Politics & Policy

Name that terrorist, &c.

A lot of people flipped when President Bush et al. referred to our enemies as “Islamic fascists” — but I wonder what they’d like to call them instead (if anything). Once upon a time, The New Republic held a contest, to name the Iran-contra scandal. They didn’t like “Iran-contra scandal,” for some reason; and they didn’t want a “-gate” (which I sympathized with).

So they held this contest, and the winner, as I recall, was “Iranamok.”

I thought that was quite stupid, but the magazine went with it for many months, or years, or decades, or whatever it was.

Anyway, I’m fine with “Islamic fascists.” Everyone and his brother has written a column about it; in the next issue of NR, we have an excellent piece by Jonah Goldberg on the subject. So I don’t need to blab about it anymore here.

But perhaps there should be some grand contest, to identify this appalling enemy, once and for all.

Anyway . . .

‐Can enough be made of Richard Armitage and his behavior? Can enough be made of the Joe Wilson crowd and their madness? Will Armitage suffer any consequences — any at all — for his behavior? Will his boss and patron, Colin Powell, be made to answer? I very much doubt it, all of it.

Anyway . . .

(Annoying trope — I have to drop that.)

‐A perfect specimen of the current liberal temper can be found in a recent column by Eugene Robinson of the Washington Post: here.

He is none too pleased with President Bush’s speeches, or with Dick Cheney’s, or with Donald Rumsfeld’s. Too much Nazi talk. And Robinson knows what motivates these men: pure, ugly electoral politics.

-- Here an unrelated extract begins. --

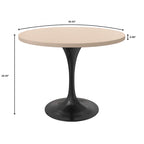 Table à manger ronde Verve 36 avec plateau en bois MDF et base en acier noir pour cuisine et salle à manger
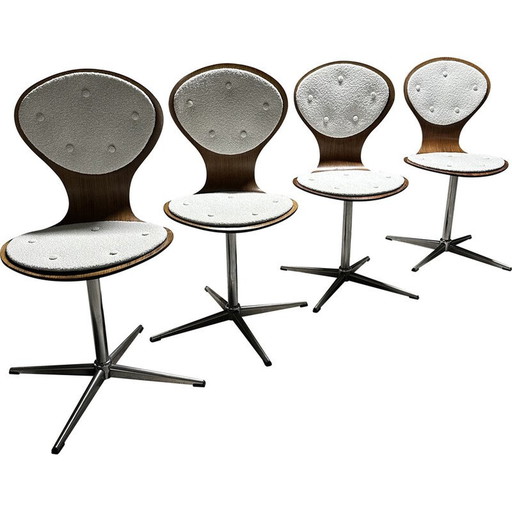 Set van 4 vintage stoelen van gebogen hout en palissanderfineer van Elmar Flötotto, Duitsland 1960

Here he is: “Unless the Republican base is somehow energized and the rest of us somehow scared stiff by November, the Democrats have a decent chance of taking the House of Representatives and even an outside shot at the Senate.”

Glad to have that cleared up.

Robinson continues: “That’s where all the administration rhetoric about Nazis, commies, fascism and appeasement has to be coming from, because, absent the political context, it makes no sense.”

Have you noticed something? I know I’ve commented on it before. I have never heard an anti-Communist — a genuine anti-Communist — say “commie.” Ever. The only people I have ever heard say “commie” are people who want to mock anti-Communists and the idea that Communism is something to oppose.

Toward the end of his column, Robinson writes, “Nobody wants to appease terrorists. [Nobody? This guy should really get out more.] But some people have a different idea of how to fight them.”

Ah. And what would that idea be? It would be quite interesting to hear. Pell grants? Midnight basketball?

Says Robinson, “The president is right when he says this conflict is unlike other wars, but he seems to miss the essential difference: It has to be fought in a way that doesn’t create two new terrorists for each one who is killed.”

That’s what they always say: that, if you go after the terrorists, you are merely creating more terrorists. Even some of the best of us have said it (e.g., Naguib Mahfouz). This way, civilization’s hands are always tied — you can never act. Because if you strike at them, you are only multiplying them, you see.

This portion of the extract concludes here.